* [ASSIGNED TASK]: In the material below, print every line exactly and omit the pictures.

* [DATASET EXTRACT]:
****************

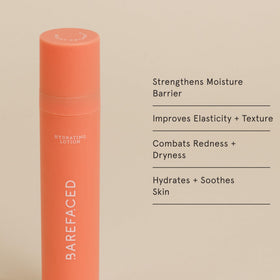 Barefaced Hydrating Lotion texture close-up showing lightweight absorption for comfortable skin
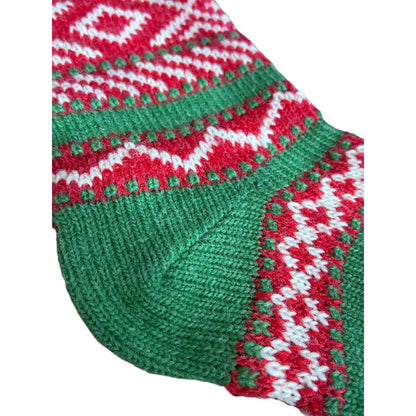 Vintage Nordic Christmas Stocking 19.5” Wool Knit Green Red Pom Poms EUC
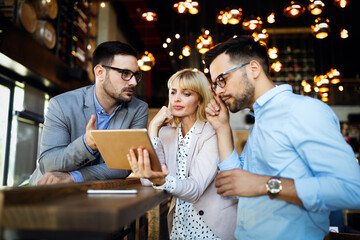 Corporate teamworking business colleagues in modern office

****************

* [RESPONSE]:
 Barefaced Hydrating Lotion texture close-up showing lightweight absorption for comfortable skin
 Vintage Nordic Christmas Stocking 19.5” Wool Knit Green Red Pom Poms EUC
 Corporate teamworking business colleagues in modern office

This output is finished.